Tuesday, August 28, 2007

Sleaze, Violence and Ratings

Last night I caught the premiere of Californication. It was an hour of almost non-stop sex and more nudity on television than I had seen in a long time. I was shocked but I wasn't appalled. It was also what I had come to expect of television programs these days.
The show starts off with the protagonist, a burnt-out author, visiting a church only to receive oral-sex from a nun....one of the most unusual introductions to a character I had seen in a long time but it also managed to set the tone for the rest of the episode. The producer was telling me that this was a gloves-off program that pushed the boundaries and gained viewers through word of mouth shock value.
Granted this show had more naked women (I lost count after the second) than i had seen on most other TV shows (imagine the day when the girls from Hi-5 strip off) and this obviously led to many angry letters from various coalitions in American and Australia complaining about moral decency but these letter writers are quite hypocritical in their views.
In Season 2 of Desperate Housewives a pharmacist who had poisoned the husband of a married woman in order to begin a relationship with her and in order to prove that she loved him he swallowed a bottle of pills and waited for her to rescue her. She did not because she had just found out that he (the pharmacist) had killed her husband….confused yet?
The show allowed the audience to watch a man die whilst a woman next to her did absolutely nothing.
Take the Passion of the Christ. Mel Gibson's film about the last several hours of the life of Jesus Christ. From his betrayal by Judas to his eventual crucifixion and resurrection three days later. Oh and in the middle there's 2 hours of a man being tortured relentlessly....had to remember to add that in cause it's kind of a big thing in the film.

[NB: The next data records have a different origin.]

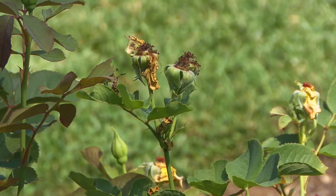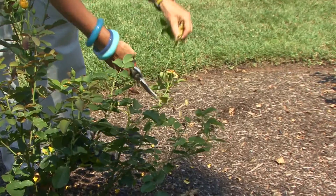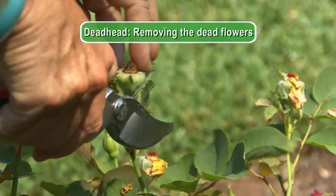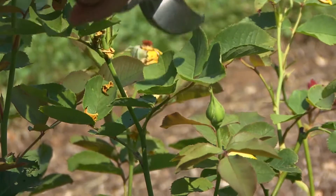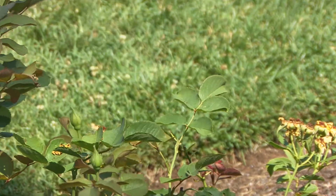As you go through the summer, your roses will fade. Be sure to deadhead these. You're going to move your pruner down to the first set of leaves that has five little leaflets on it. Cut there and soon your rose shrub will look beautiful again.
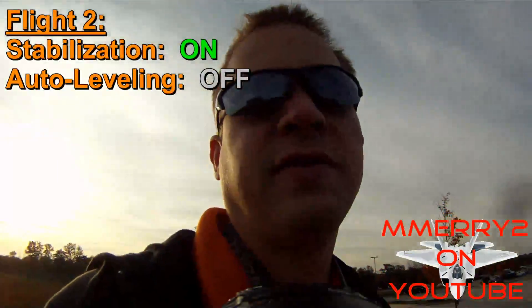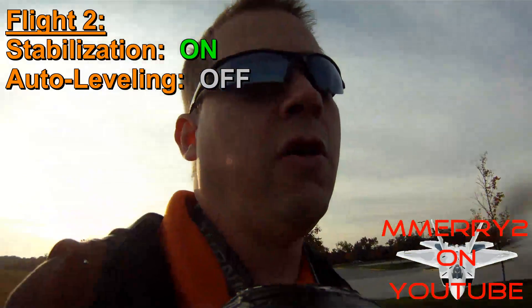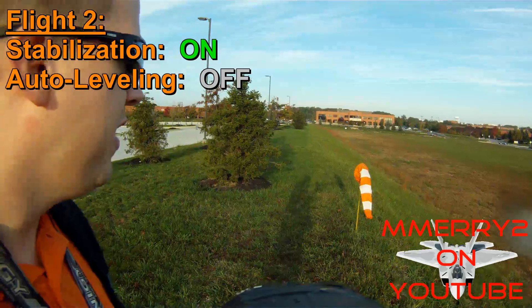Okay, this is flight number two with the stability control on and the auto leveling off. You can see my servo is moving here — still don't have much room.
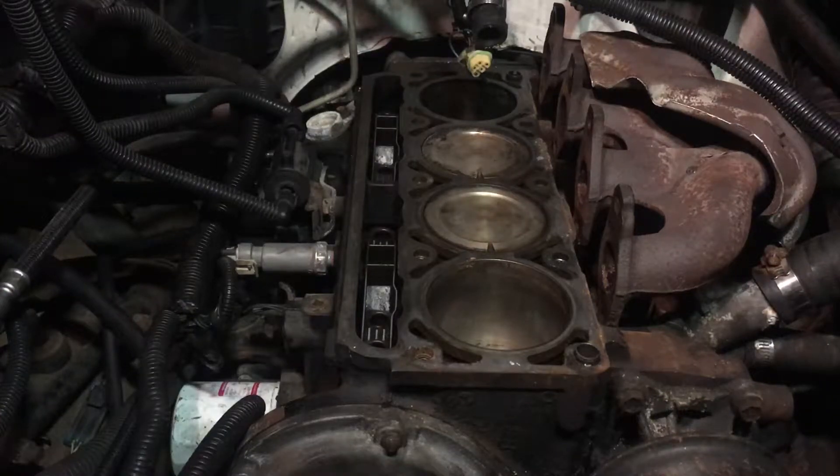Hello YouTubers. I searched the internet and couldn't find anything that covered this, so I thought I'd make a short video regarding installation and alignment of the roller lifters on a GMC 2.2 liter four-cylinder engine. This is actually a 1999 Sonoma that I'm working on today.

Rather than be criticized for his excessive use of violence Gibson was praised for bringing to true detail the horror that Jesus suffered for all our sins.

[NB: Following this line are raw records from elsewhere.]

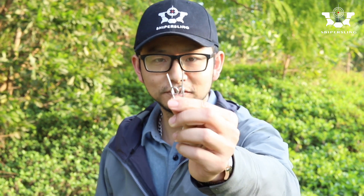Hey guys, we've just made these new things. Can you guess what it's used for? It's not that hard, right? Yes, it's a can hanger.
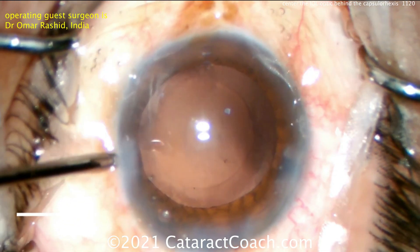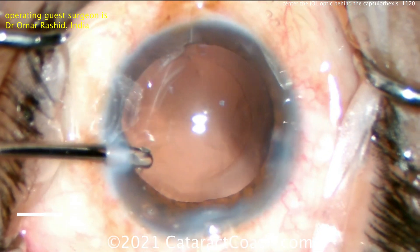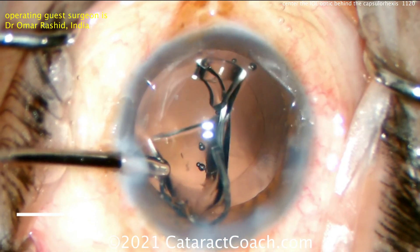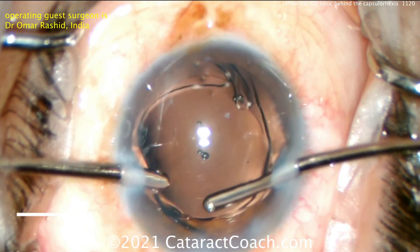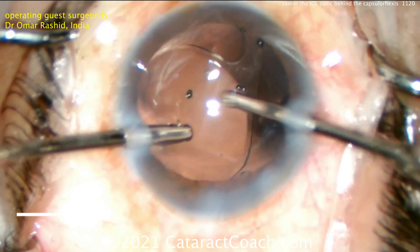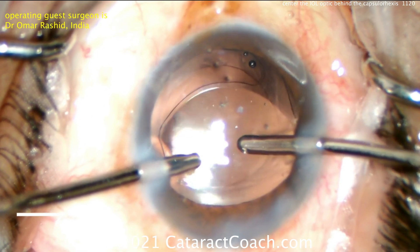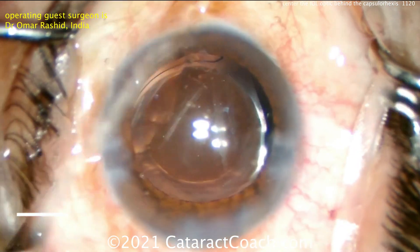Fast forward here — this is hydro implantation. The left hand is infusing the eye with balanced salt solution. There's no viscoelastic left in the eye, and here comes the lens implant — looks like a single-piece acrylic lens, going into the capsular bag. Let's see how he dials that in. Just using the aspirator from the right hand, getting that into the capsular bag. Very good — get that lens centered up. You want to really perfect your rhexis and keep it beautifully centered.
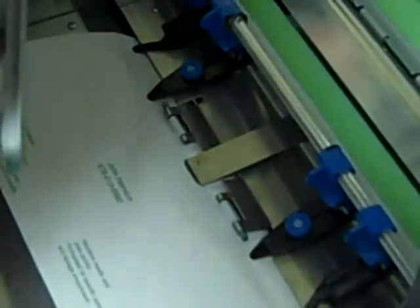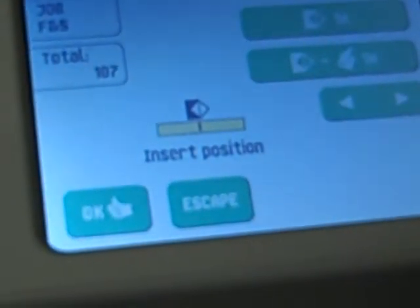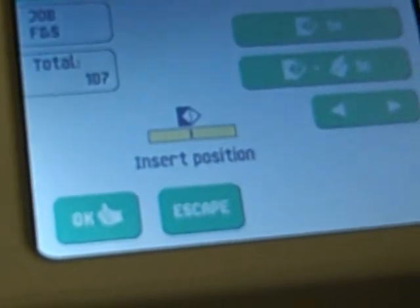If they're not lined up, that's where you use this insert position and move that envelope back and forth. But typically with a standard envelope, everything should be centered up. So just make sure the envelope looks like that, and then you should be able to run it fine from there.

What would happen to Gibson's reputation if a couple of kids, after seeing the Passion of the Christ, decided to re-enact the torture scenes to gain a greater understanding of God. Children would be hurt, possibly killed, and Gibson would walk free.
Watching other shows like CSI, NCIS or Heroes shows a death in many episodes and usually in a very bloody and graphic way. The antagonist in Heroes regularly decapitates people in order to steal their powers and the autopsy scenes in NCIS have become so realistic I feel like I’m watching a medical documentary. Have we, as a society, become so desensitized with violence that dying in a bed due to an overdose of pills just doesn’t excite us anymore? Where has this lust for gratuitous violence and sex come from? Is it from the news reports that show us the daily conflicts in areas such as Iraq, Afghanistan and the countless war zones from around the globe? Days after the 1999 Columbine massacre the community sought to find the blame for the horrendous murders of innocent school children and the people that bore the brunt of their investigation were the gaming industry, the rock music industry and the television industry. Congress screamed for blood to be spilled (pardon the pun) but was it really the producers fault? Where does the show draw a line? Compare the scenes in television shows today with those of ten years ago. At 8:30pm ten years ago you’d be watching a new episode of The Simpsons, today you’re watching a young many being decapitated. The producers are answering only to the audiences demands and we demand to be shocked and shaken to our core and then we have the audacity to point the finger at these shows when a young mind snaps and lets lose a torrent of rage on the community.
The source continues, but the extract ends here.